Anziaic acid
- Names: IUPAC name 4-(2,4-Dihydroxy-6-pentylbenzoyl)oxy-2-hydroxy-6-pentylbenzoic acid

Identifiers
- CAS Number: 641-68-9;
- 3D model (JSmol): Interactive image;
- ChEBI: CHEBI:144192;
- ChEMBL: ChEMBL3134416;
- ChemSpider: 31104179;
- PubChem CID: 12306720;
- CompTox Dashboard (EPA): DTXSID901169856 ;

Properties
- Chemical formula: C_{24}H_{30}O_{7}
- Molar mass: 430.5 g/mol
- Melting point: 122 °C (252 °F; 395 K) dec

= Anziaic acid =

Carboxylate ester

Anziaic acid is a depside found in lichens. It gives a red reaction in the C test.

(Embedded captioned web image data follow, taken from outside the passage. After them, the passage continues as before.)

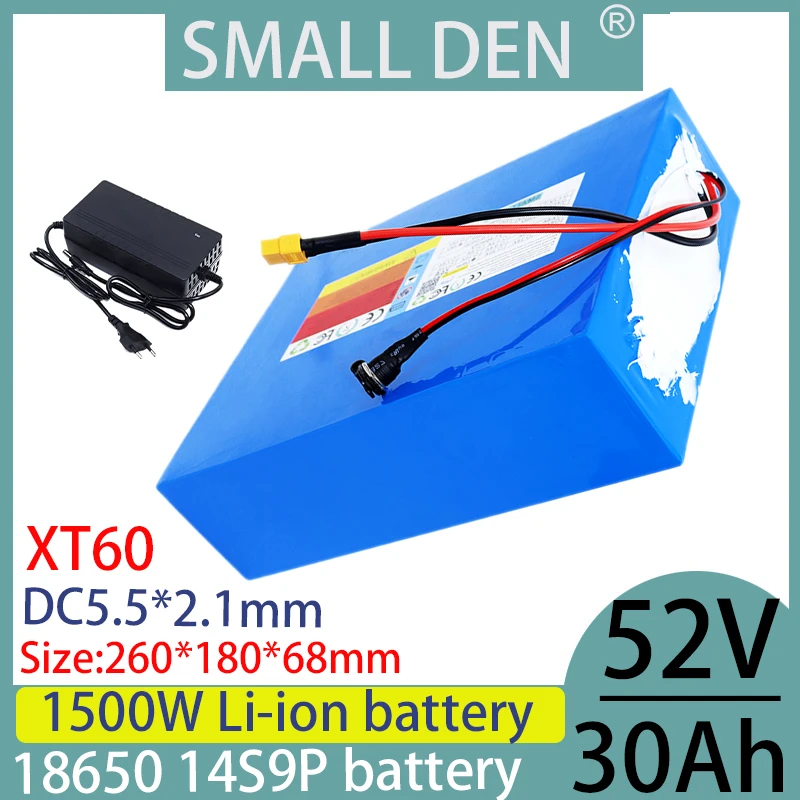 18650 rechargeable lithium-ion battery 52V 30000mAh 14S9P 1500W, used for bicycles, scooters, motorcycles+58.8V 2A 3A 5A charger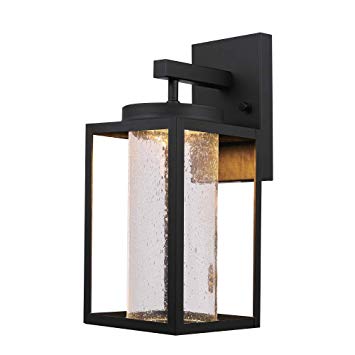 Globe Electric Capulet LED Integrated Outdoor Indoor Wall Sconce, Black, Clear Bubble Glass Center Column, Dimmable, 12W, 1150 Lumens 44359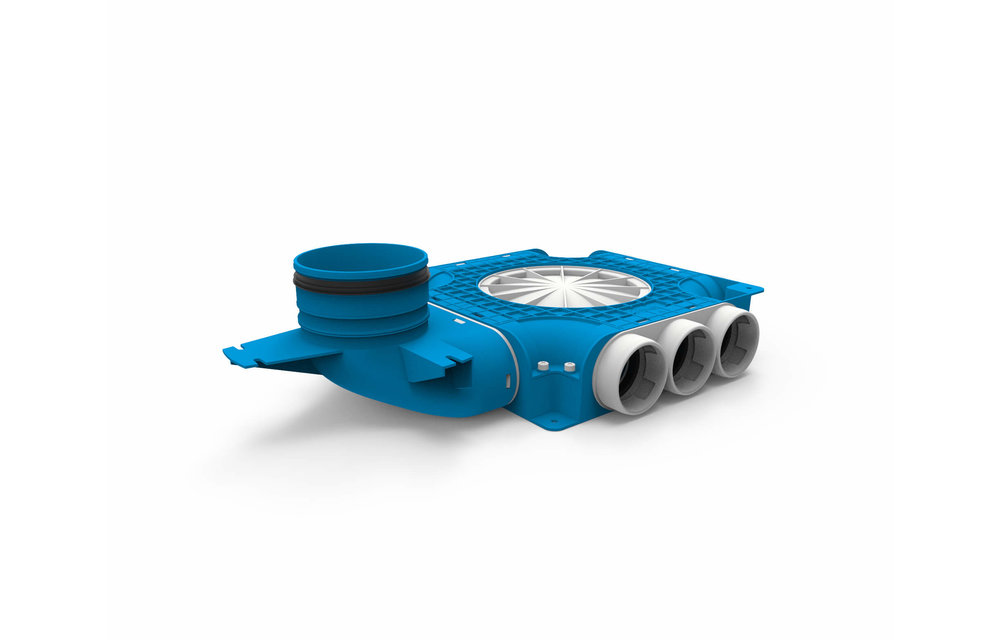 Vent-Axia Uniflexplus ventilatie samengestelde verdeler 9x Ø69mm met verticale tuit Ø125mm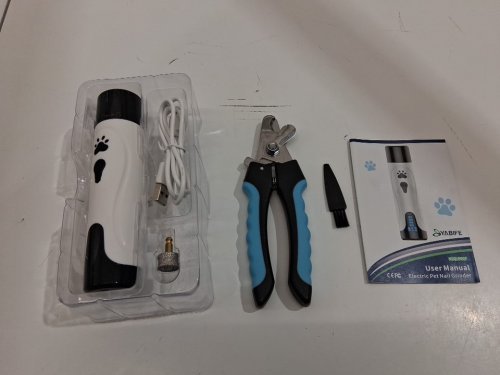 6PC YABIFE rechargeable ELECTRIC PET NAIL GRINDER WITH TWO DIFFERENT TIPS and clippers - white/black image 2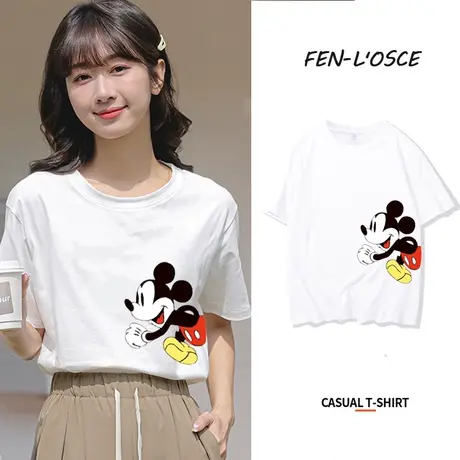 纯棉短袖t恤女设计感小众2023年夏季新款学生宽松半袖体恤上衣潮商品大图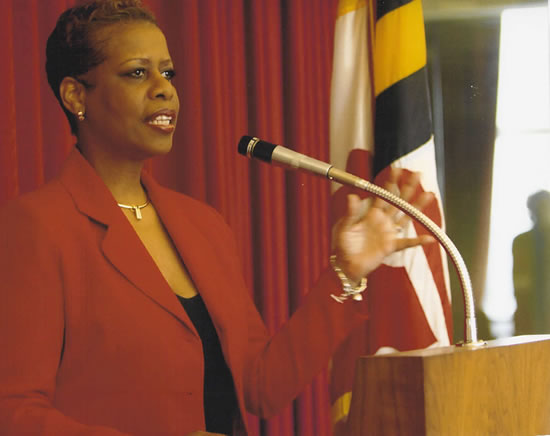 image of Sharon Pinder speaking at a press conference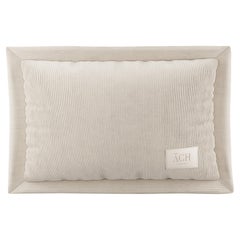 Decorative Throw Pillow Nata Corduroy, Modern White Velvet Lumbar Cushion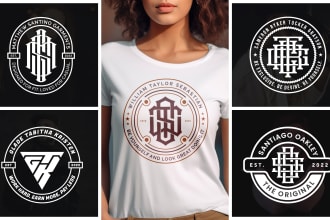 do monogram initial letters urban clothing brand logo design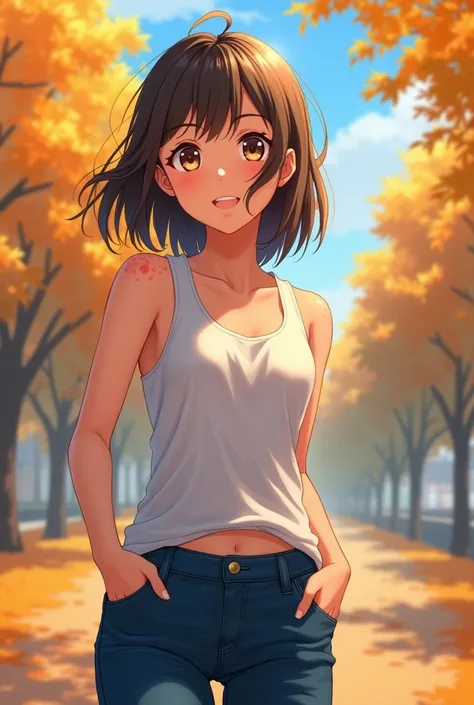 Anime girl wearing sleeveless white tank top, dark blue jean pants and running shoes. Shoulder length hair, tan skin. Out at a park during fall feeling chilly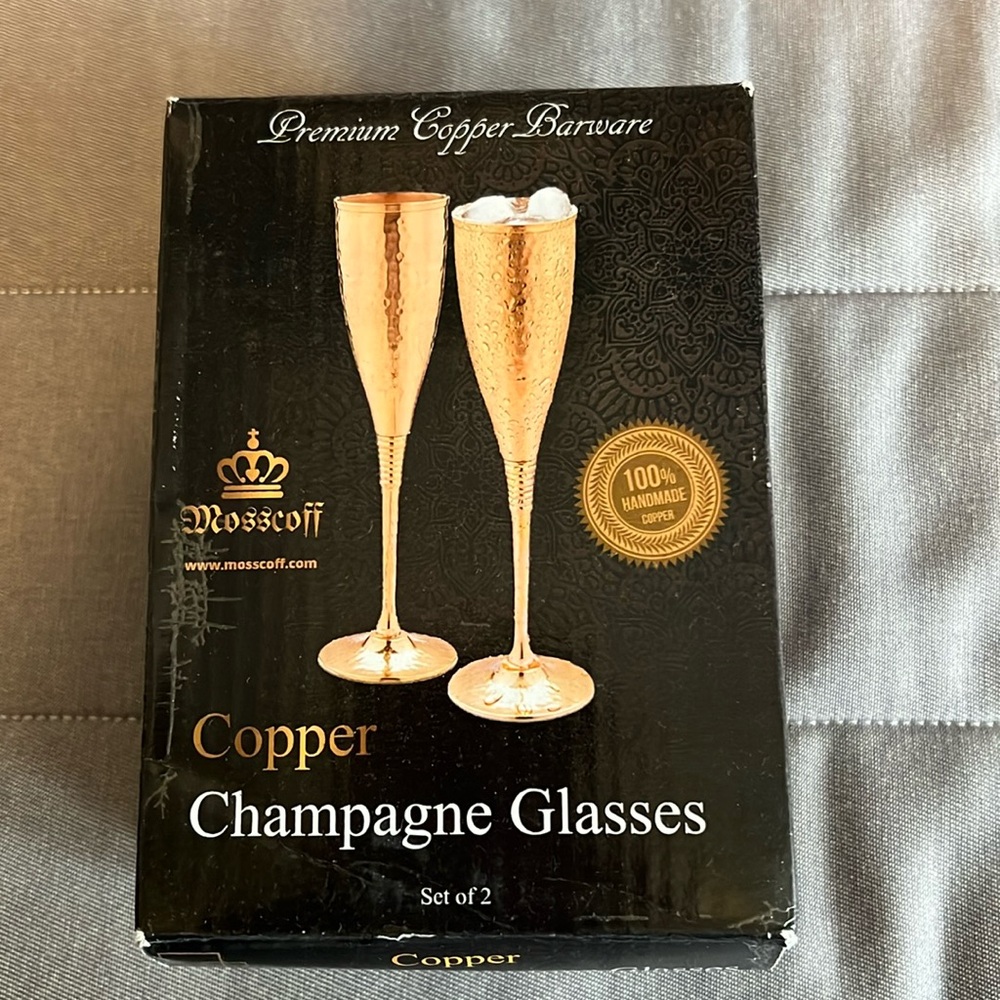 Mosscoff copper champagne glasses, set of 2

The two phenolic rings have a pentyl side chain. It is an ester dimer of olivetolic acid.

Anziaic acid works as an antibacterial compound by inhibiting topoisomerase.

==Production==
Anziaic acid has been artificially produced from olivetolic acid by benzylation of the O-phenol positions, and then condensing with trifluoroacetic anhydride.
==Properties==
Anziaic acid is colourless. It can be dissolved in ethanol, ethanol-water mixture, or cyclohexane-benzene mixture.
==Related==
Perlatolic acid, dihydropicrolichenic acid, 2'-O-methylanziaic acid, 2-O-methylperlatolic acid, 2'-O-methylperlatolic and planaic acid are derivatives of anziaic acid, where a methyl group replaces a hydrogen in some of the hydroxy positions on the rings.

==Occurrence==
Anziaic acid is found in Parmeliaceae including Hypotrachyna, Stereocaulon, and Cetrelia.